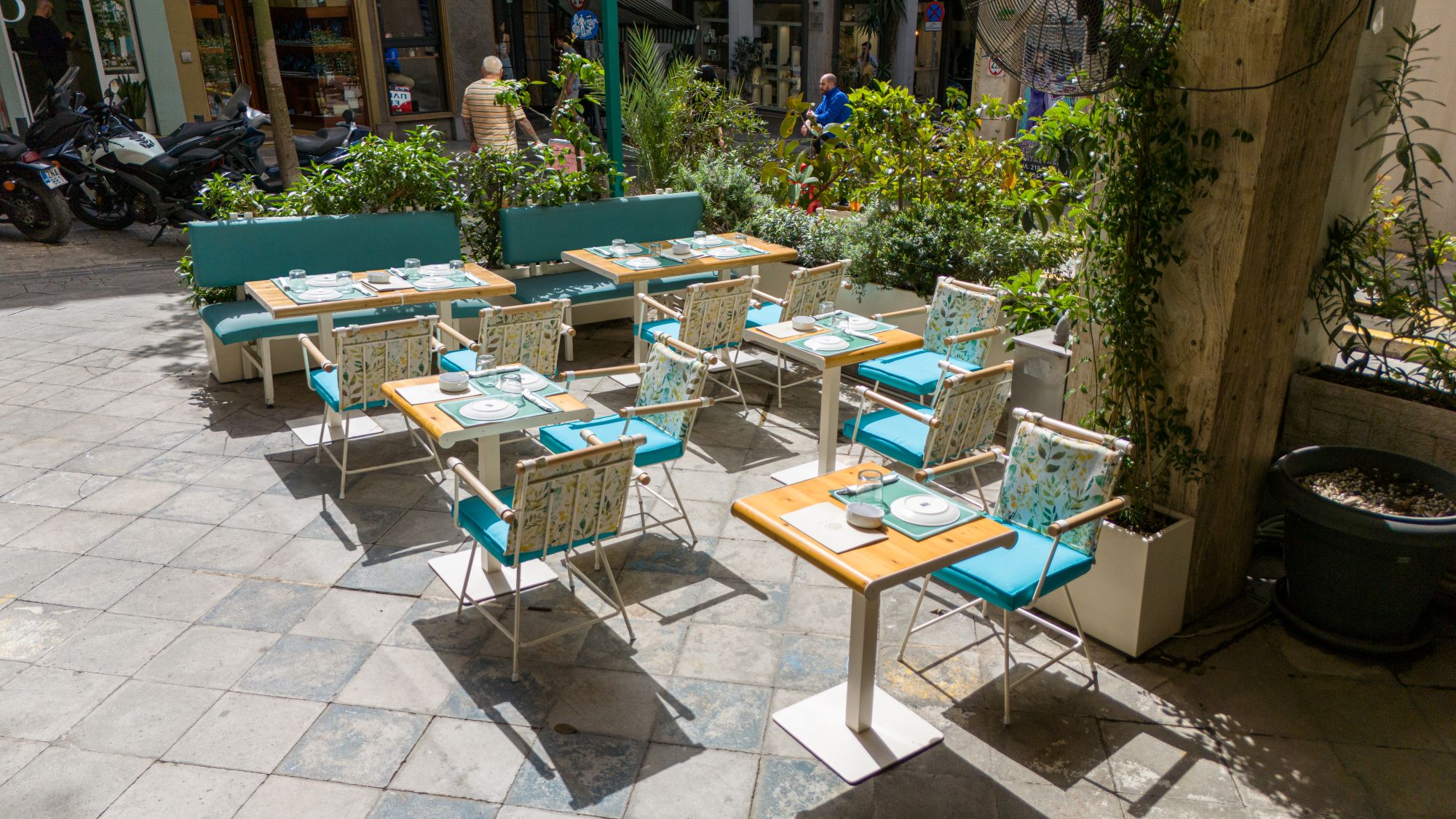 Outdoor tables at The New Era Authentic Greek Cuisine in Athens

* * *

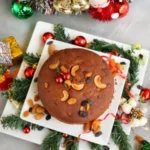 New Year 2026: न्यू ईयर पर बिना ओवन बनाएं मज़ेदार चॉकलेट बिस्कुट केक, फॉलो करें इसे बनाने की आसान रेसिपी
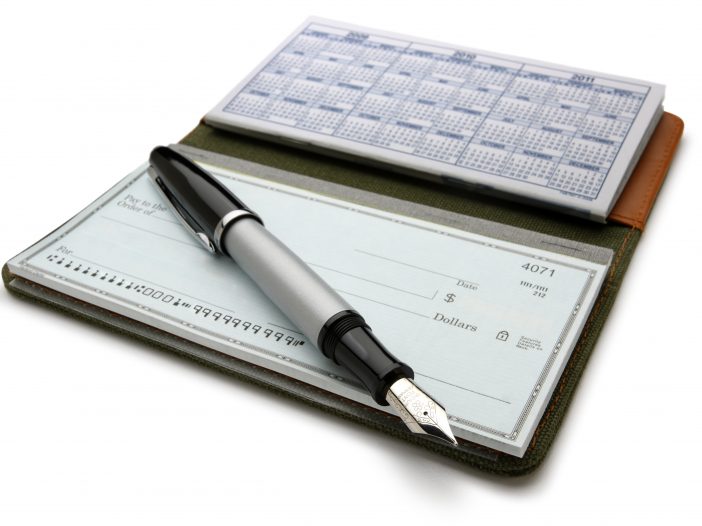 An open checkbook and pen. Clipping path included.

**To do:** Print exactly, with no pictures, the lines above from the one that holds "New Year 2026: न्यू" through the one that holds "An open checkbook", both of them included.

**Task result:**
 New Year 2026: न्यू ईयर पर बिना ओवन बनाएं मज़ेदार चॉकलेट बिस्कुट केक, फॉलो करें इसे बनाने की आसान रेसिपी
 An open checkbook and pen. Clipping path included.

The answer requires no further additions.